Car production in the U.K. has been cut almost in half as manufacturers induce an early summer slowdown.

According to the Society of Motor Manufacturers and Traders (SMMT), factories produced nearly 45% fewer vehicles in April compared to a year previously with just 71,000 cars rolling off production lines – 60,000 fewer than April 2018.

And production slowdown also occurred for overseas markets where there was a 44.7% rollback.

According to the SMMT, car firms have brought forward usual summer stoppages in a process including stockpiling of components, training and customs procedures that had been prepared for a 29th March Brexit.

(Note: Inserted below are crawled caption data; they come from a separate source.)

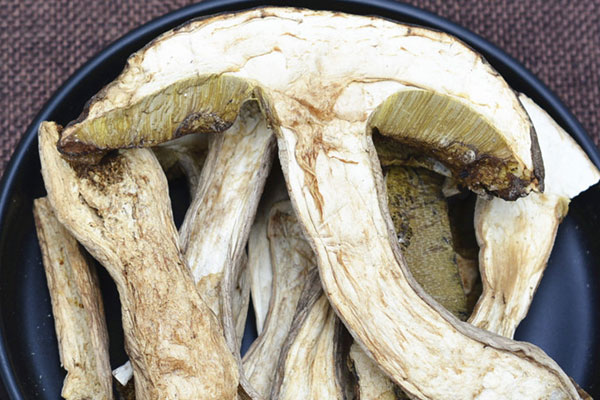 牛肝菌海裙菜雞湯的營(yíng)養(yǎng)價(jià)值 牛肝菌海裙菜雞湯的營(yíng)養(yǎng)價(jià)值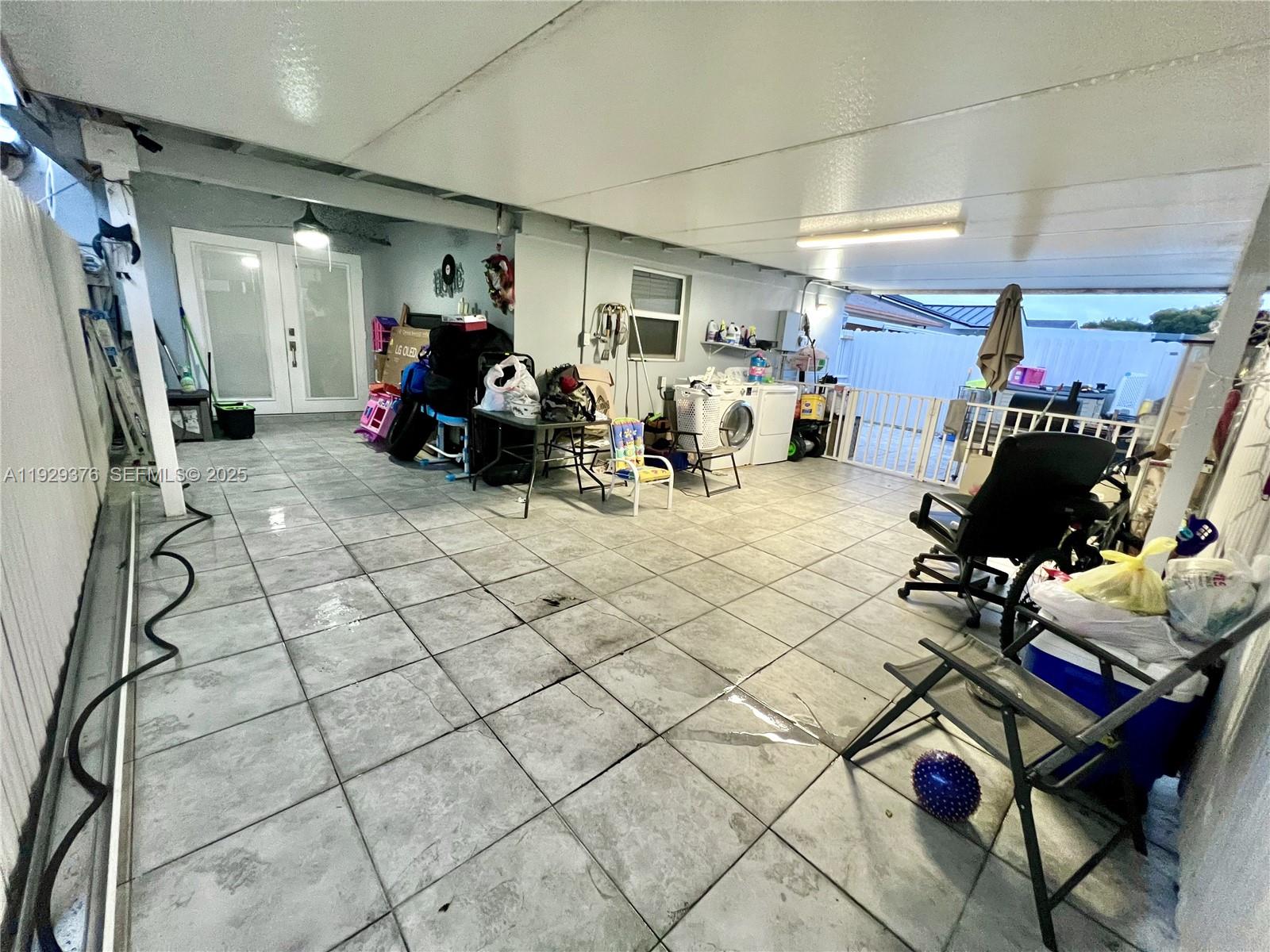 VALENCIA ESTS TOWNHOUSE C - Residential Lease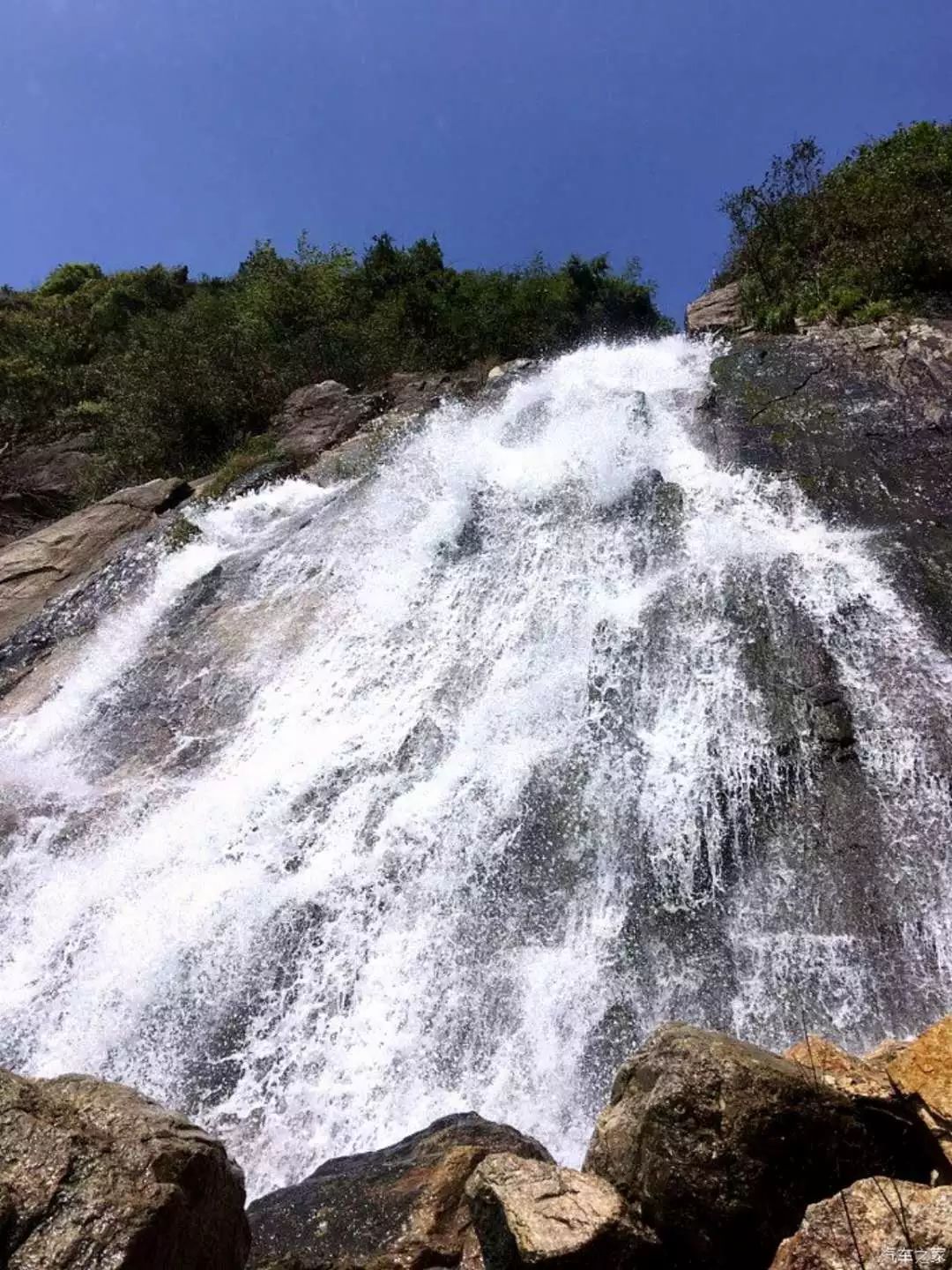 贺州瀑布图片
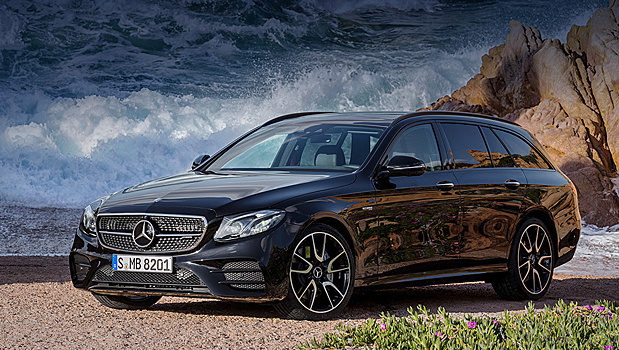 В Париж приехал универсал Mercedes-Benz All-Terrain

Chief executive at SMMT, Mike Hawes said of the data that: “Today’s figures are evidence of the vast cost and upheaval Brexit uncertainty has already wrought on UK automotive manufacturing businesses and workers.

“Prolonged instability has done untold damage, with the fear of ‘no deal’ holding back progress, causing investment to stall, jobs to be lost and undermining our global reputation.”

The UK car industry is very much in recession with 11 consecutive months of output slowdown, but that forms only a small part of a larger industry picture by which global growth in car sales has seen significant challenges, brought on in part by the trade tensions between the US and China, as well as the growing electric car market spearheaded by the likes of Tesla and also tougher environmental controls.

Read more: Trade deficit reaches record quarterly high as British firms stockpile goods

“This is why ‘no deal’ must be taken off the table immediately and permanently, so industry can get back to the business of delivering for the economy and keeping the UK at the forefront of the global technology race,” Mr Hawes concluded.